Records from a dataset

+---+

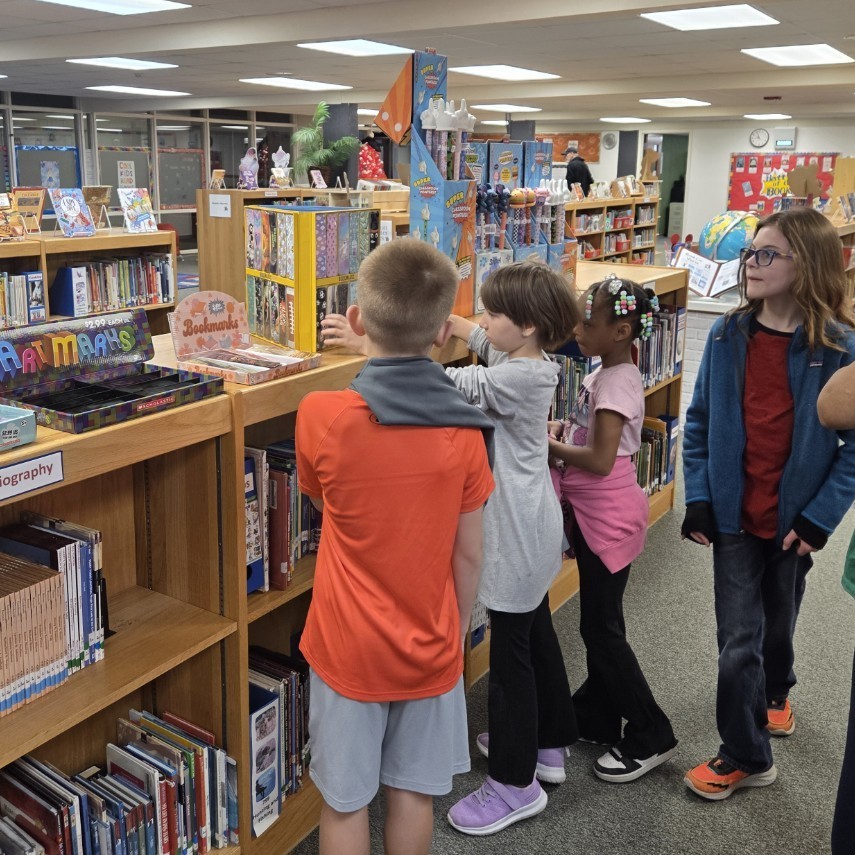 students shop for bookmarks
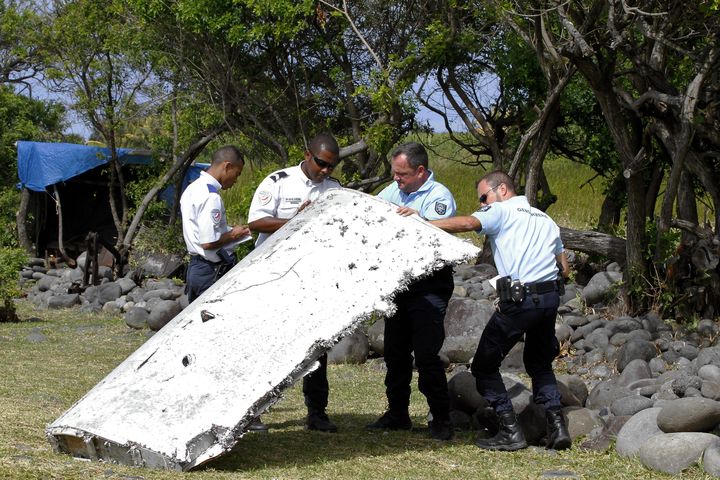 Des gendarmes manipulent un d&eacute;bris d'avion,&nbsp;sur le littoral de Saint-Andr&eacute; de La R&eacute;union.&nbsp; (MAXPPP)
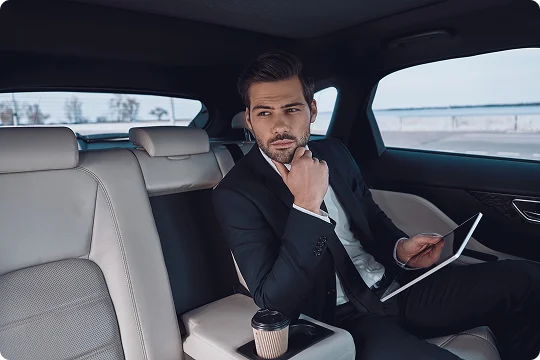 Businessman seated in a luxury car’s rear seat, holding a tablet with coffee beside him, gazing out thoughtfully.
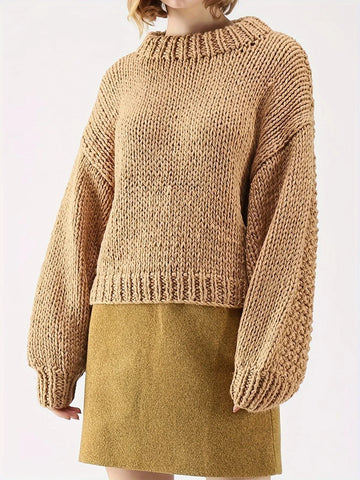 Woman wearing a tan chunky knit sweater with balloon sleeves and a mock neckline, paired with a mustard yellow skirt.
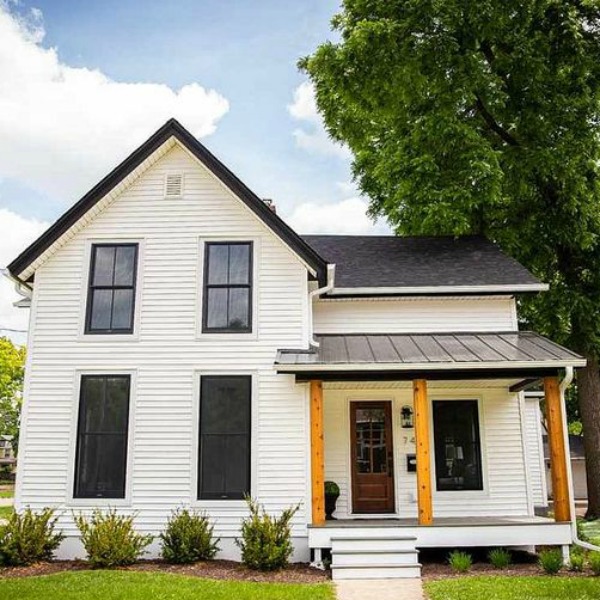 Charming 1900 renovated white urban farmhouse exterior in Beloit, WI with black windows, wood porch columns, and natural wood accents. #hellolovelystudio #urbanfarmhouse #houseexterior #modernfarmhouse #blackwindows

+---+

→ **WHAT TO WORK ON**
Respond with the exact lines above running from the one containing "Businessman seated in" to the one containing "Woman wearing a", both ends kept and no pictures included.

→ **OUTPUT OF THE EXERCISE**
 Businessman seated in a luxury car’s rear seat, holding a tablet with coffee beside him, gazing out thoughtfully.
 Woman wearing a tan chunky knit sweater with balloon sleeves and a mock neckline, paired with a mustard yellow skirt.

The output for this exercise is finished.